Read the full piece below:
October 27th, 2021
By: Jeff Kotula
In Washington County, we say the “power to prosper is right under our feet.” This saying, in reference to our county’s prominence in the energy industry, is easily demonstrated with the amount of energy activity that continues to produce positive impacts in our region.
Since the discovery of the Marcellus Shale Play, the county has attracted countless energy producers and midstream companies, along with the vendors that support the industry. In addition to this investment, the natural gas industry brings jobs, creates small business opportunities, and encourages more people to move into our area. It has had a significant financial impact on our local community.
According to the most recent data from the Pennsylvania Public Utility Commission, Washington County received the largest share of more than $146 million that was collected from natural gas producers across the state in impact fees, also known as Act 13 funds. The county itself collected nearly $4.5 million – the most among Pennsylvania’s 67 counties – and our local municipalities received more than $7.7 million. Together, this $12.2 million in impact fees ranks first overall among counties in Pennsylvania. Washington County also led the state in the number of wells with 1,892.
However, for all the economic activity and jobs the natural gas industry creates, our power to prosper is limited by our ability to drive that energy to the market where consumers and businesses can harness the full advantages of this low-cost, plentiful resource. It provides no benefit if we cannot get the resource to consumers and to do that, we need pipelines to deliver our energy.
A modern pipeline infrastructure is crucial, not only for the continued development of the energy industry, but also to maintain the quality of life we expect in the United States. In fact, last year alone natural gas accounted for 34% of the nation’s total energy usage, according to the U.S. Energy Information Administration. The energy transported by the 2.6 million miles of pipeline in our country affects almost every aspect of our lives – heating and cooling our homes, manufacturing goods, powering our economy, and assuring our global security.
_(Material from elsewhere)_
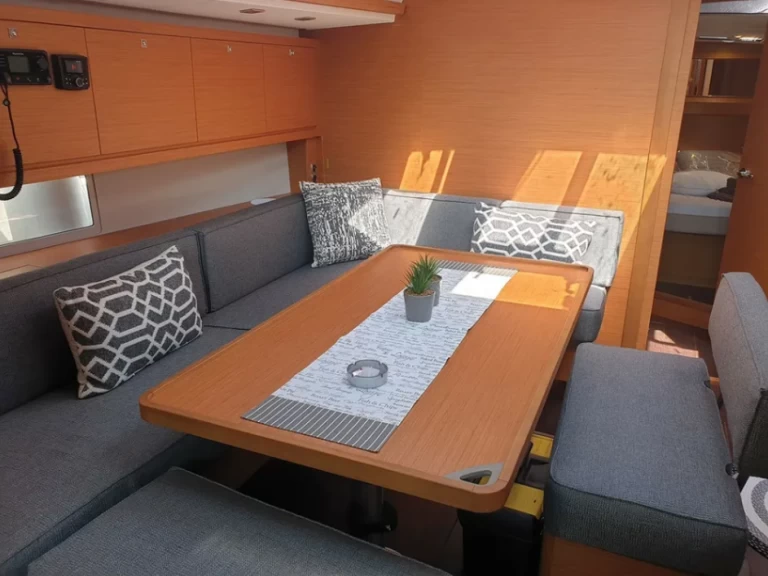 Voilier à louer à Lefkáda au meilleur prix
And as demand grows, we need to continue to support the production of natural gas in our state. However, it is equally important that we encourage the development of the pipeline infrastructure necessary to deliver it to the market safely. The Consumer Energy Alliance reports that 99.99% of all petroleum and natural gas products are transported through pipelines safely, and pipelines are nearly five times safer than moving the same volume the same distance by rail. Pipelines have safety technologies to quickly stop accidents if they occur, and operators spend over $2.2 billion annually to ensure pipeline safety.
In our region, natural gas has been an economic driver for our county and country for nearly two decades. It has attracted new investment and jobs as well as produced countless benefits for consumers and business through lower energy prices and costs savings. But production is only one component of our energy portfolio. Building a modern energy infrastructure will complete the connection between Washington County’s resources and our nation’s energy independence.
Jeff Kotula is president of the Washington County Chamber of Commerce.